Presidente da Comissão de Trabalho, Legislação Social e Seguridade Social da Assembleia Legislativa do Rio de Janeiro (Alerj), a deputada Mônica Francisco (Psol) afirma que as condições de trabalho de Moïse eram parecidas com a de refugiados e refugiadas que chegam ao Brasil oriundos de países do continente africano ou do Haiti. Para ela, a precarização se reafirma muitas vezes por força da ilegalidade desses cidadãos no país.

“São refugiados com profissões de formação técnica ou de ensino superior, mas que aqui, quando conseguem colocação, vão para postos indignos, em trabalhos semi-escravos ou análogos à escravidão, com insalubridade e sem direitos. São trabalhos que acontecem com força de ameaça e dificuldade de cobrança pelo pagamento porque muitos desses refugiados não têm segurança de sua permanência no país”, avalia a parlamentar.

Segundo o Departamento Intersindical de Estatística e Estudos Socioeconômicos (Dieese), a pandemia da covid-19 estimulou a contratação de trabalhadores de forma precária, sem jornada, sem salários fixos e sem direitos. Dados do Ministério da Economia mostram que metade dos empregos criados em 2020 eram de trabalho intermitente.

 

Ordem do dia

Marco Santana, da UFRJ, sustenta, ainda, que a persistência do alto índice de desemprego no Brasil atual, sob o governo de Jair Bolsonaro (PL), é a manutenção do que foi aprovado por Temer após o processo que levou ao impeachment da presidente Dilma Rousseff (PT). Segundo ele, “as cifras estão aí expostas” e contradizem as promessas de Temer e Bolsonaro.

“A reforma criou um ambiente ainda mais inóspito para a classe trabalhadora, na medida em que atuou também no sentido de tentar neutralizar completamente suas entidades de representação, os sindicatos, que historicamente têm sido canais de conflitividade social e laboral, lutando exatamente no sentido da conquista de direitos e de garantias protetivas para trabalhadores e trabalhadoras”, analisa Santana.

O pesquisador lembrou que 2022 é ano eleitoral e que os projetos de país serão disputados por essa via. Santana menciona o exemplo da Espanha, que depois de 10 anos, em balanço completamente desfavorável à classe trabalhadora, voltou atrás. Ele reforça que aqui, por apenas cinco anos, o resultado foi ruim e “precisa ser urgentemente revertido”.

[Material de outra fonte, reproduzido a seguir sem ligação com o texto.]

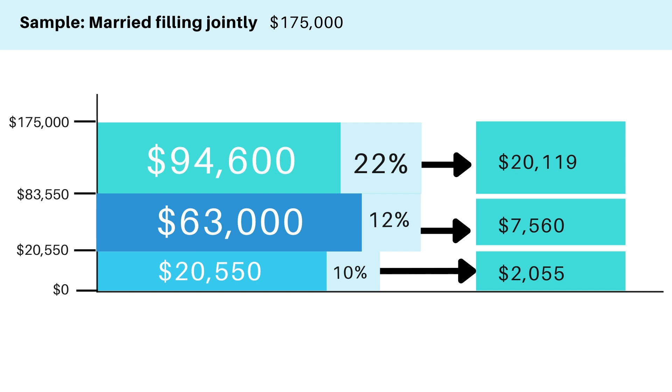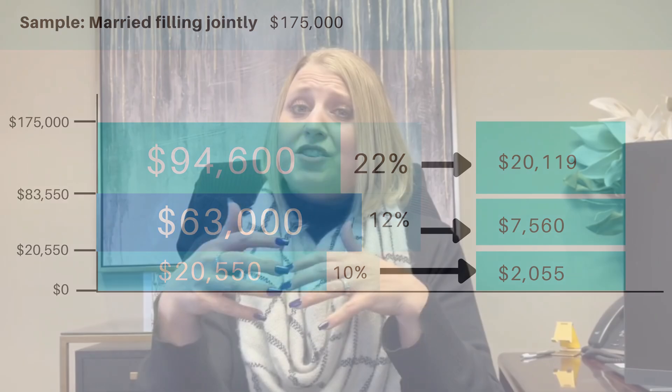If I add all of that tax up, their tax bill would be $29,734. That actually is an effective tax rate of 17 percent.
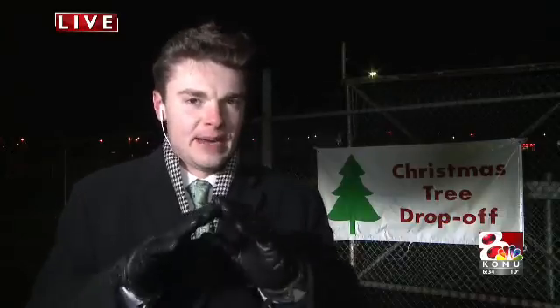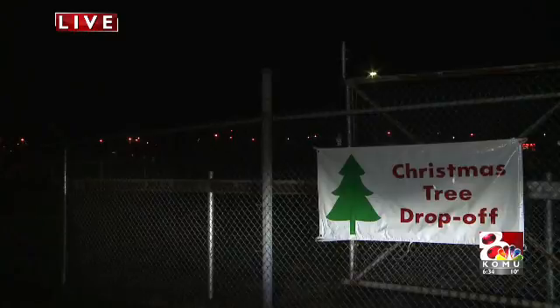Now, I talked to staff, and they told me there's one really important thing to stress to everyone, and that's that when you bring these trees, they need to be completely undecorated — we're talking all natural here. And when you do, they're going to bring you a bag of mulch in return. Live in Columbia, Justin Kollar, KMU-8 News.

“O tema tem de estar na ordem do dia e, clara e explicitamente, no programa dos partidos de esquerda dignos do nome. É imprescindível que a chamada revogação seja debatida e efetivada. O que está aí é desumano em termos laborais, é deletério em termos sociais. A vitória de forças progressistas será o possível primeiro passo. Forças do capital resistirão, por isso a articulação entre as vias institucionais e as lutas sociais serão fundamentais”, pontua Santana.

A opinião do professor da UFRJ vai ao encontro da fala da deputada Mônica Francisco sobre a força redobrada dessa precarização de trabalhadores a partir das regras de flexibilização na juventude negra e periférica:

“[O que aconteceu com Moïse] Diz muito também sobre a formação histórica e desenvolvimento de nosso mercado de trabalho e o lugar extremamente desigual de negras e negros nele. Mas diz ainda bastante sobre o nosso presente, pois lança luz sobre o estado de coisas disseminado a partir da reforma, com intenso e extenso espectro de precarização, e que envolve a vida e o trabalho da juventude em nosso país, principalmente a juventude negra e periférica”.